El caso es que si los alemanes podían montar un fiestorro como aquel a cuenta de la destrucción de una obra pública ¿quién podría negarnos corrernos una juerga similar a cuenta del viejo viaducto? Al fin y al cabo el dichoso puente nos mantuvo en el lado menos cool de la city durante esa etapa de la vida en la que mides las distancias por lo que tardas en llegar a la sesión de tarde de la disco. Y aquel dichoso puente retrasaba casi media hora nuestro aterrizaje en el centro de la ciudad. Por eso, la mitad de las veces lo pasábamos por abajo.

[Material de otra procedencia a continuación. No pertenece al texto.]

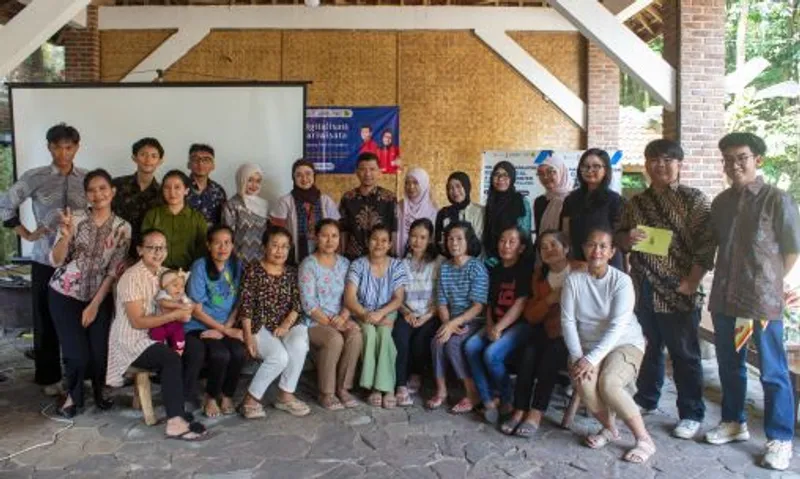 Foto bersama narasumber, mahasiswa Kampung Adat Cireundeu mulai memperkuat promosi budaya, wisata, dan UMKM melalui website setelah mendapat pelatihan digital dari Telkom University. IVOOX.ID/dokumentasi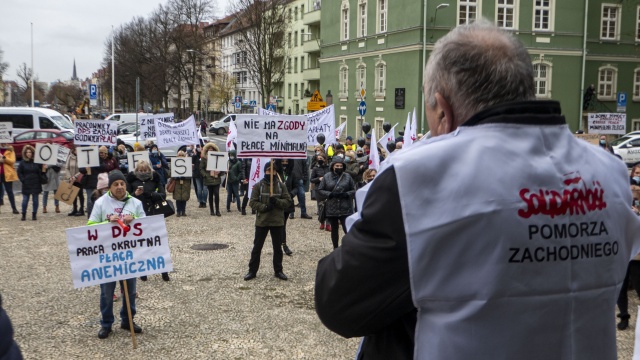 Pracownicy podlegli prezydentowi Szczecina protestowali we wtorek przed Urzędem Miasta. Na miejscu spotkało się około 200 osób zatrudnionych m.in. w Miejskim Ośrodku Pomocy Rodzinie i Domach Pomocy Społecznej. Manifestujący domagali się co najmniej 1000 złotych podwyżki. Protest zorganizowała Solidarność.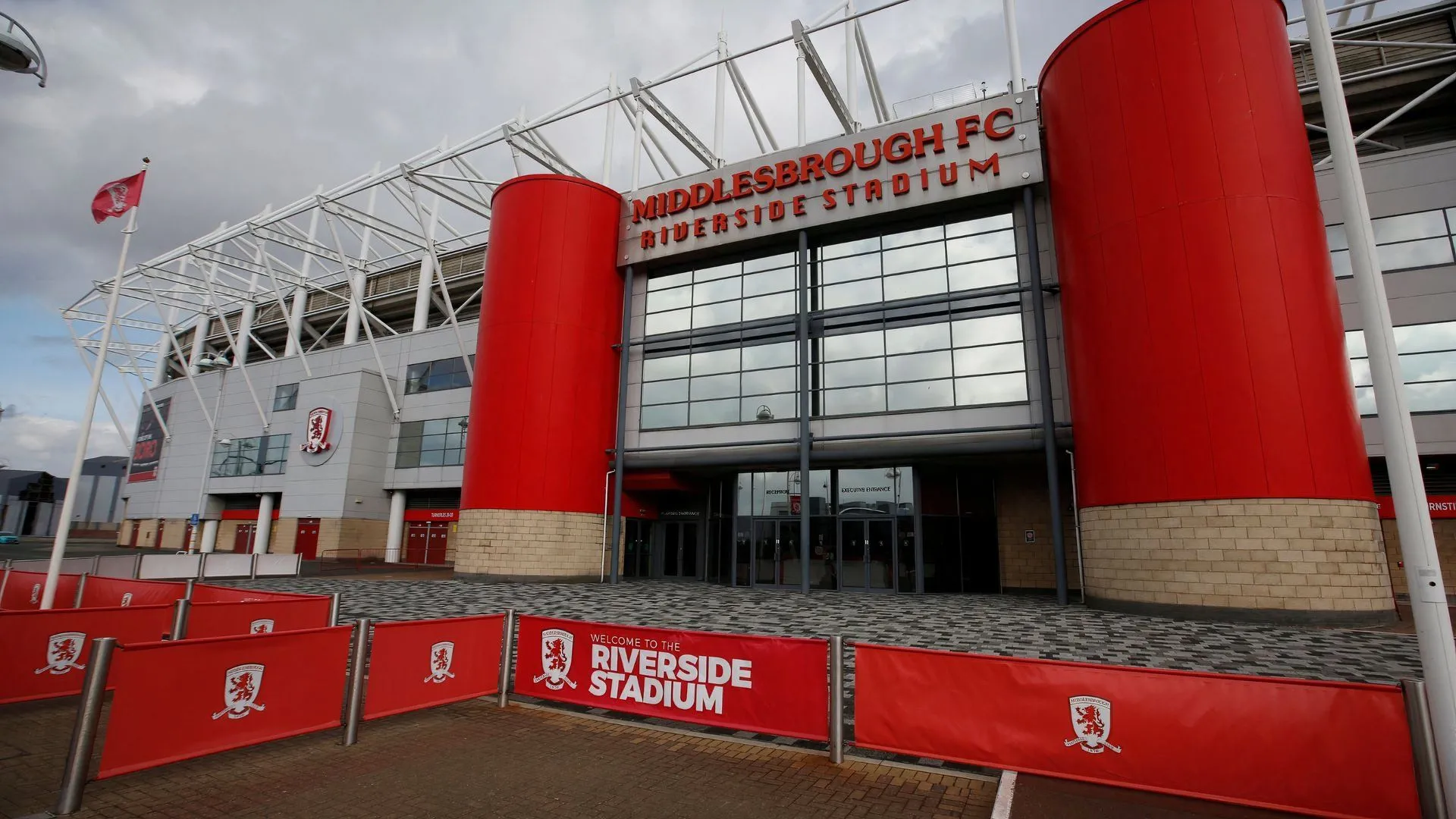 Sân vận động Riverside của Middlesbrough, nơi James Arthur từng biểu diễn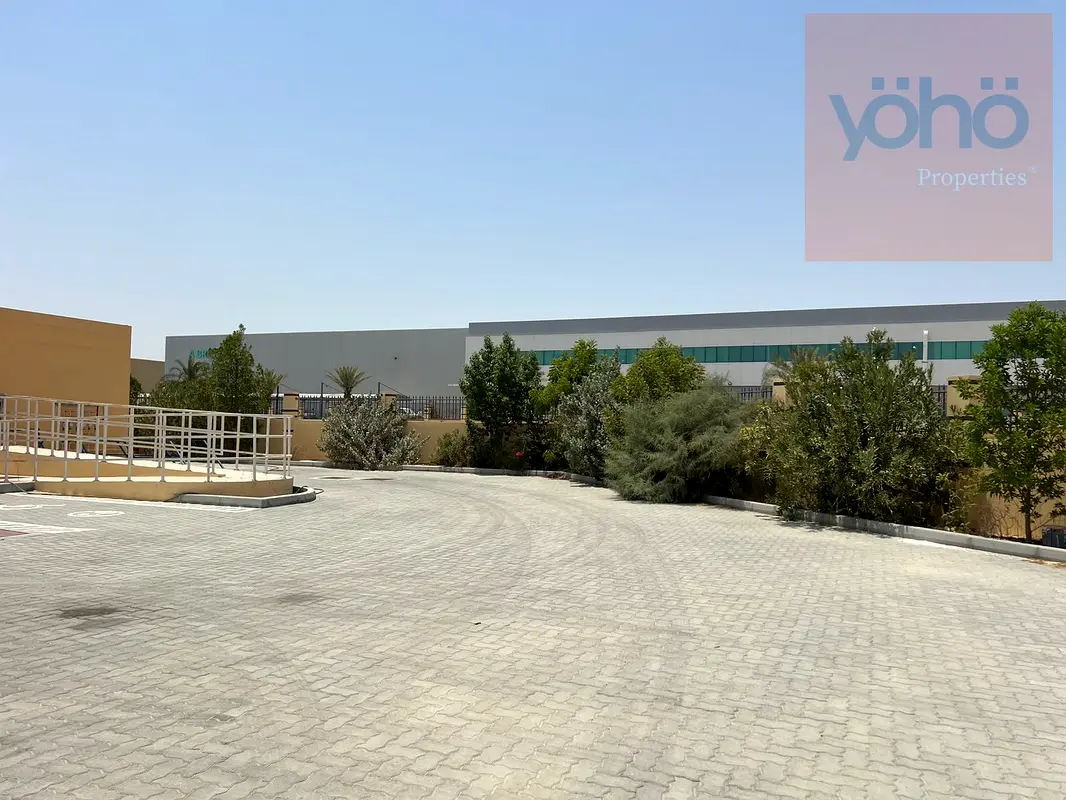 Warehouse LOADING AREA HIGH ROOF NEXT TO ENTRANCE Dubai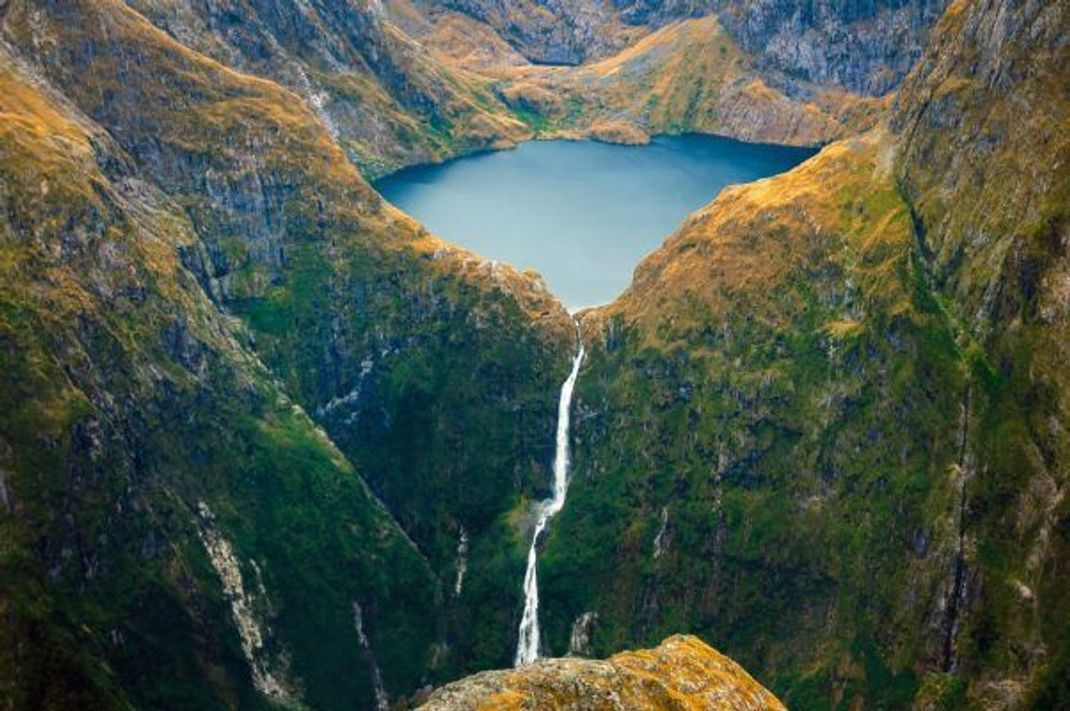 Lake Quill diente in der "Herr der Ringe"-Serie als einer von vielen Drehorten im Fiordland-Nationalpark, Neuseeland.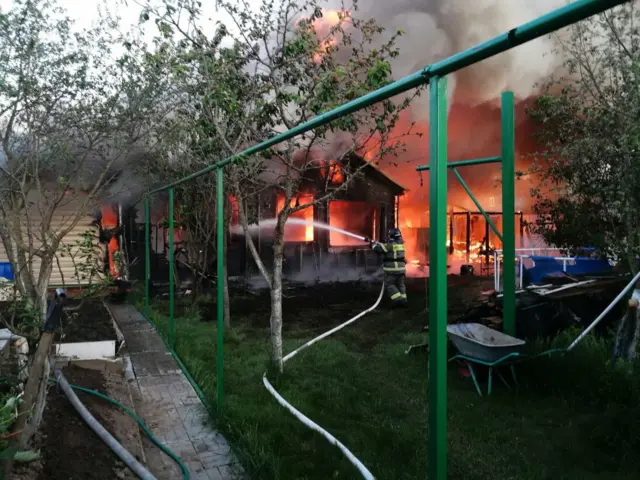 Горящий деревянный дом в Чехове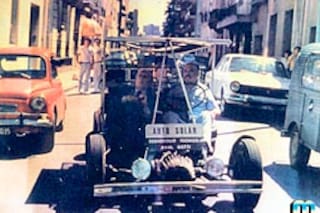 El pionero olvidado que creó el primer auto a energía solar, escribía con humo en el cielo y vivió obsesionado por los Ovnis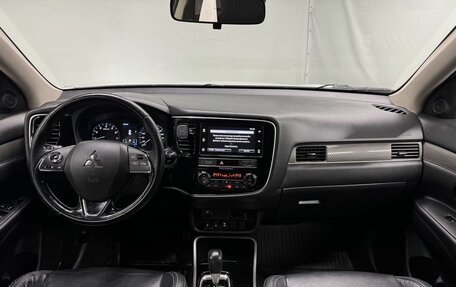 Mitsubishi Outlander III рестайлинг 3, 2019 год, 2 400 000 рублей, 14 фотография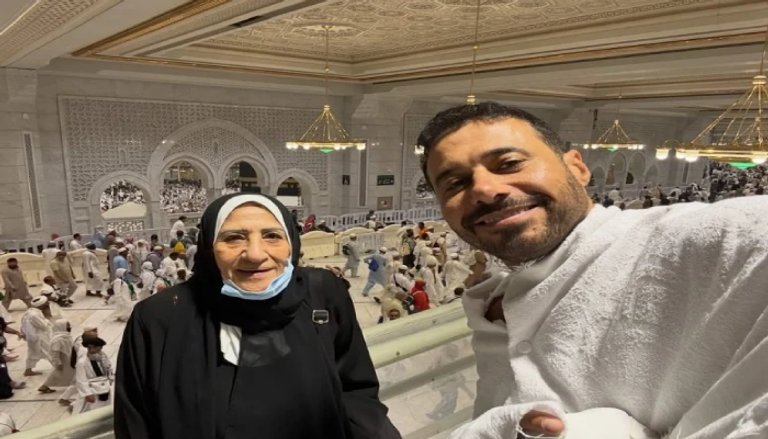 أحمد السعدني يوثق لحظات الحج مع والدته في ظهور نادر.. أحمد السعدني يؤدي مناسك الحج برفقة والدته (صور) - صورة 2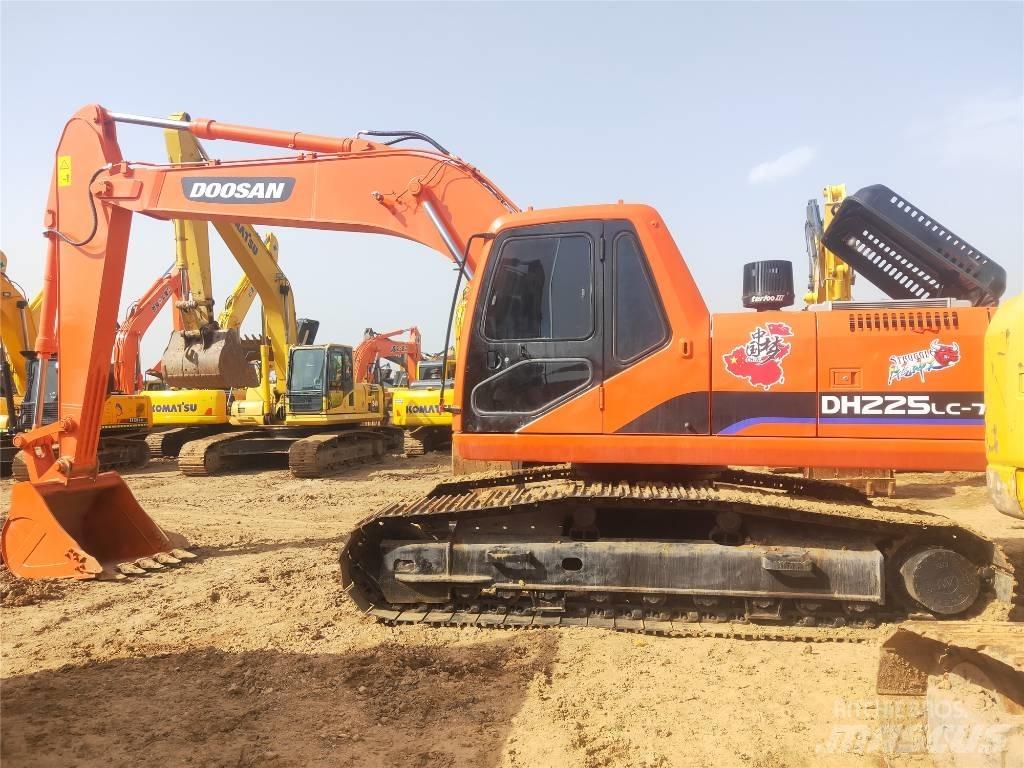 Doosan DH225LC-7 Crawler excavators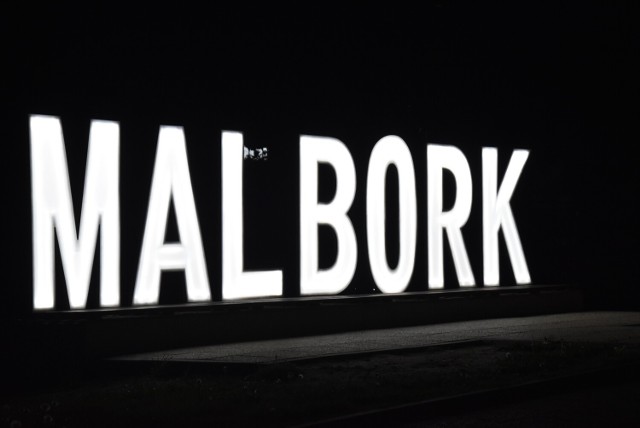 To jedna z ostatnich realizacji. Przestrzenny napis "Malbork" został wybrany w Budżecie Malborskim 2021, ale jego montaż zakończył się w 2022 roku. 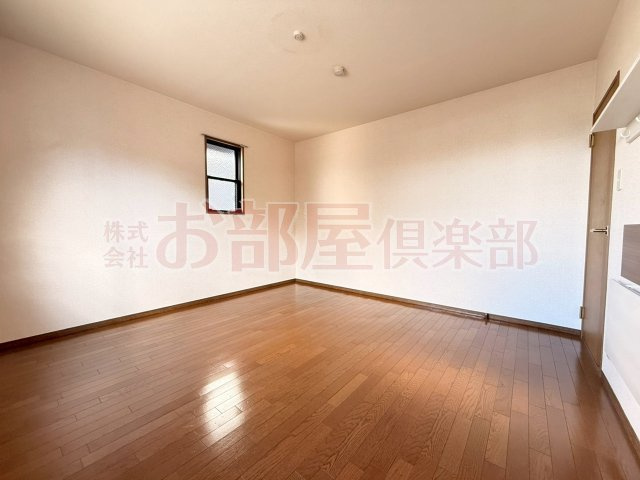 バティール西小森野　B棟の洋室|洋室です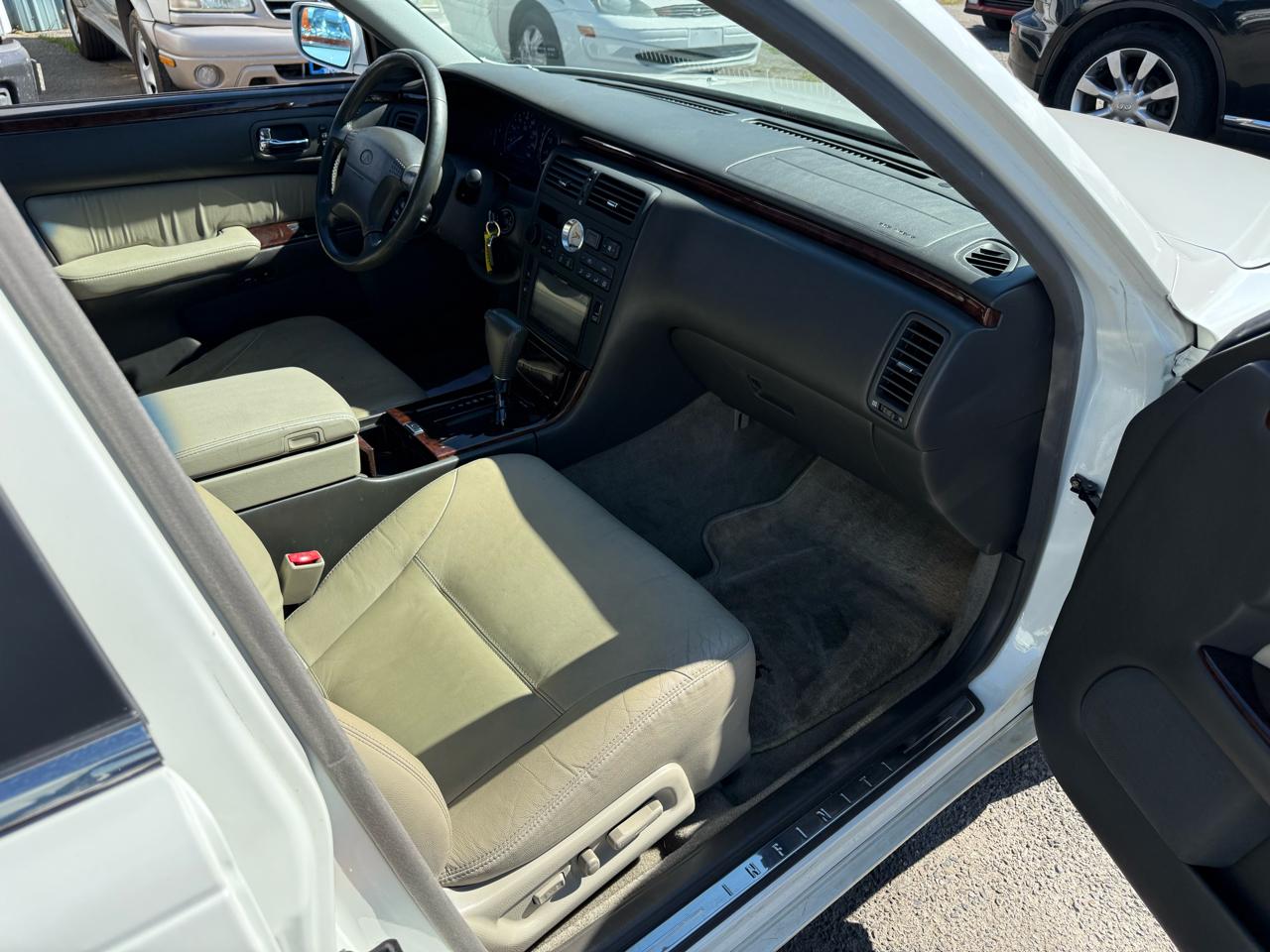 Infiniti Q45 Base 1999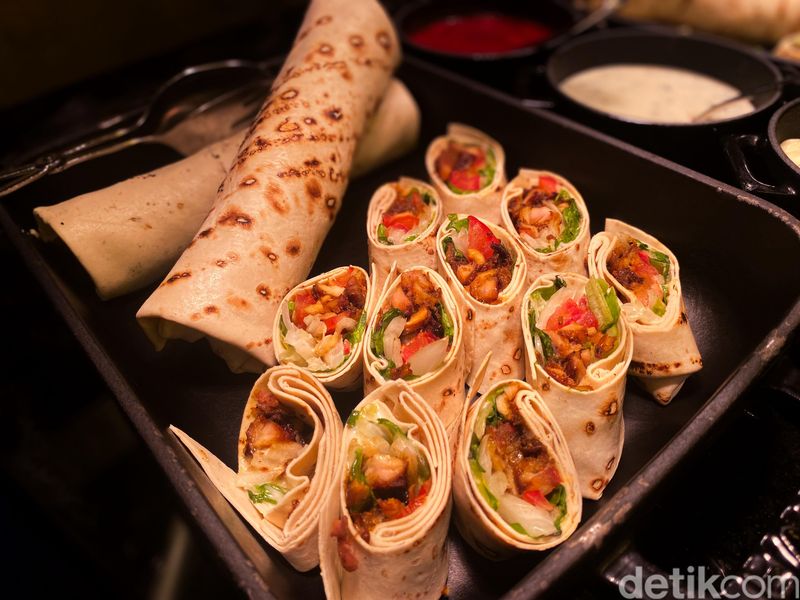 Menu iftar di St. Regis Jakarta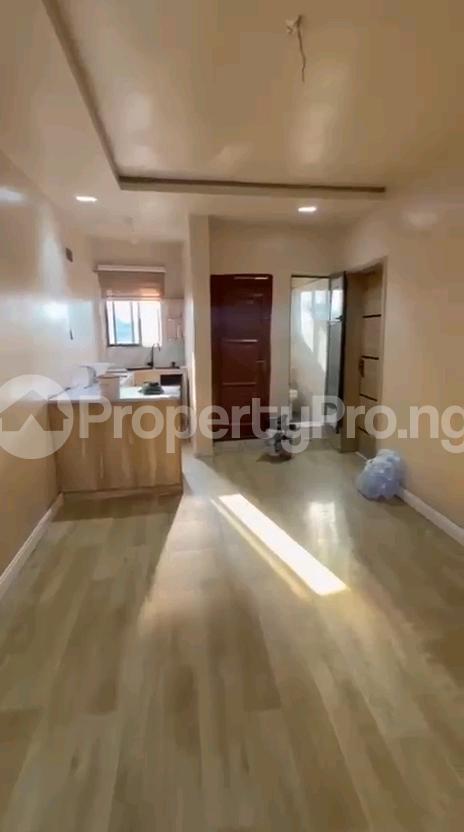 1 bedroom Flat / Apartment for rent Off Market Street Shomolu Lagos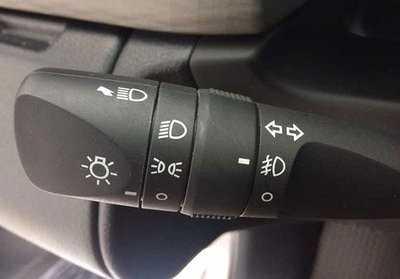 Chỉnh chế độ đèn pha rọi xa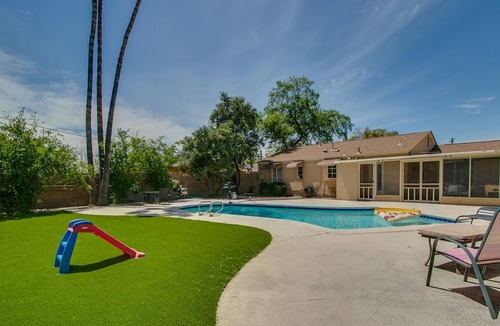 Bel Air House | Mid-Century Melrose 3bdrm Vintage Vibe with Pool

Atravesábamos las vías del tren esquivando mercancías y vagones atestados de soldados. El servicio militar obligatorio nos regaló alguno de los piropos más bárbaros que he escuchado en mi vida. El único problema era cuando elegíamos los tacones de plataformas para atravesar aquel laberinto de raíles y grava. Entonces, los halagos se convertían en risas por lo ridículo de nuestro caminar.

Podíamos distinguir el Talgo por el sonido. Al fin y al cabo el edificio en el que vivíamos era justo el del final de la calle, donde empezaba el terreno limitado al personal ferroviario. Dormí hasta los 17 en una habitación con vistas a las vías y oído al traqueteo y frenadas de acero. Adoro ese sonido.

El viaducto fue la barrera que nos recordaba cuál era nuestro lado del mundo: el barrio de clase media con ciertas aspiraciones. Nuestros padres lo aprendieron escuchando a los comerciales de la inmobiliaria: “a pocos minutos del centro y ya verán ustedes cuando echen abajo el puente, van a quedar más céntricos que el caballo de Las Tendillas”.

¿Y que son 20 años de espera cuando al final consigues quedarte a un paso del centro? Un instante, pura brevedad en la que se agolpan las anécdotas: un zapato lanzado accidentalmente mientras señalas con el pie el expresso a Madrid; un buen escupitajo desde las alturas al coche-cama; frío mucho frío en las tardes de invierno al regresar de las clases de inglés; un salto a tiempo desde la moto en la que tu padre te había prohibido subir justo antes de que te divisase; algún morreo de madrugada en la zona del ensanche…

El soterramiento de las vías del tren en Córdoba se llevó por delante todo un palacio imperial romano y un pedacito de nuestra infancia y adolescencia. No nos dejaron montar fiesta ni llevarnos un pedacito del Viaducto. Nosotros, que habíamos odiado aquel puente tanto como los berlineses su pared, no tuvimos concierto multitudinario ni foto para la historia.

Coque se quedó sin novela, así que, amigo, te regalo este post.